'''

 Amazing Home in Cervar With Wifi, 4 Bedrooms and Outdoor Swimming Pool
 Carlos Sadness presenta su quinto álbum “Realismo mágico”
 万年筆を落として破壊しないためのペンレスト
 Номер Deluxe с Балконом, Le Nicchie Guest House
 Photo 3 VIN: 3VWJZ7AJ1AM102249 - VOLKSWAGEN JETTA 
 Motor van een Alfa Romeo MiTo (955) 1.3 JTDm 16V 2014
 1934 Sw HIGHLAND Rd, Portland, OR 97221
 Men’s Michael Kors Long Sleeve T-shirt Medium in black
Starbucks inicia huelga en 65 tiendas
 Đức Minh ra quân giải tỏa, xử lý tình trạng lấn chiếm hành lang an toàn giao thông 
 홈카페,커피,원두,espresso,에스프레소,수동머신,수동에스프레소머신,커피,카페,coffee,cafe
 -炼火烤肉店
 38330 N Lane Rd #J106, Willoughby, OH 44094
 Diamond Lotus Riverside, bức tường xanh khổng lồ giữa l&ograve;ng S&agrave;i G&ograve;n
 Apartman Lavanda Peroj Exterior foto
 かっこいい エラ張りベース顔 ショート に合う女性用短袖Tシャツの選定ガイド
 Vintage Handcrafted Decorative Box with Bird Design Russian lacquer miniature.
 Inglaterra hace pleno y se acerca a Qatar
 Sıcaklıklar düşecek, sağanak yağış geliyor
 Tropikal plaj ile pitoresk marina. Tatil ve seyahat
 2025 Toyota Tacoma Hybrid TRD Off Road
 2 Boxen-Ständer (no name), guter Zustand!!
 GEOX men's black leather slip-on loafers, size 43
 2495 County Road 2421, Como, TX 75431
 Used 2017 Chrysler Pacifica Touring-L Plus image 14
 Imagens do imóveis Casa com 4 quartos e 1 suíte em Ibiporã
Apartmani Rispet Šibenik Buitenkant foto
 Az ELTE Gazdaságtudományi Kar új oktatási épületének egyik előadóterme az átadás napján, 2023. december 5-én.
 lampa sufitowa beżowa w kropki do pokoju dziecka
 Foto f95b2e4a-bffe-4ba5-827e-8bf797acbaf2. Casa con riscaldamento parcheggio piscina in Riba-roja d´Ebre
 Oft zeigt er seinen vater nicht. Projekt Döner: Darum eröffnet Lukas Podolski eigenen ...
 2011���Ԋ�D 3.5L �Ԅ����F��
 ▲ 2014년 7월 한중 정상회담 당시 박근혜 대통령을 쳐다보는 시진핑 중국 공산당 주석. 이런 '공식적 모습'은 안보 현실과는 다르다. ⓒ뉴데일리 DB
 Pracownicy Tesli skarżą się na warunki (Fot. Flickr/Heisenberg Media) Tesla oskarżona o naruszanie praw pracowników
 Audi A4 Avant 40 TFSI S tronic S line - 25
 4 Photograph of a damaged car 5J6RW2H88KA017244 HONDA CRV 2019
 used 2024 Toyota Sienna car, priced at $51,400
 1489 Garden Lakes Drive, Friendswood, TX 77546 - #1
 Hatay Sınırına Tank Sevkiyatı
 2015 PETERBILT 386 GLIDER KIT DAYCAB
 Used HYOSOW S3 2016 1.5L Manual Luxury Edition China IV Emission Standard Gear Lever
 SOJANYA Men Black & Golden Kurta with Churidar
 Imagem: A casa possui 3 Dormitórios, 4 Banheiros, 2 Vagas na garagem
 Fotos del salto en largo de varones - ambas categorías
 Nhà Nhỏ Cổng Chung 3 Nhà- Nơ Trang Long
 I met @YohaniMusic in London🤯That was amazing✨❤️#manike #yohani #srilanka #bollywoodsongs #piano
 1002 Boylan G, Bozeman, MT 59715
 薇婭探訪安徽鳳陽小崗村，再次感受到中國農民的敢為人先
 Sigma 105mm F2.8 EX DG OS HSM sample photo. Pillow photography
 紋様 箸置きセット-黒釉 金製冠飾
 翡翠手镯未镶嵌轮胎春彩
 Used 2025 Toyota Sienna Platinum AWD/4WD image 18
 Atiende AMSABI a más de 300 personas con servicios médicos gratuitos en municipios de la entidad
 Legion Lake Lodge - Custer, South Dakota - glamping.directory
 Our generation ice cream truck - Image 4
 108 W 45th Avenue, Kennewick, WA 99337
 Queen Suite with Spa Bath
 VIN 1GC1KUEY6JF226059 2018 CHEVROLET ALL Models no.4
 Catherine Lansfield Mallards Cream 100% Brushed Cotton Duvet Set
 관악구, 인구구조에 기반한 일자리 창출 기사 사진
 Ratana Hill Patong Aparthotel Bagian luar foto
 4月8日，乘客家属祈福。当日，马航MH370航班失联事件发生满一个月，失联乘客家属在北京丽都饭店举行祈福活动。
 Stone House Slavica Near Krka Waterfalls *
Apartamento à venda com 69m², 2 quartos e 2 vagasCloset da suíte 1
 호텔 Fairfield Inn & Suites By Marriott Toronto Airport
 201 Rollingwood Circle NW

'''

→ What is needed: Retrieve each line of the data in which the word "Sienna" can be found.

→ Solution to this task:
 used 2024 Toyota Sienna car, priced at $51,400
 Used 2025 Toyota Sienna Platinum AWD/4WD image 18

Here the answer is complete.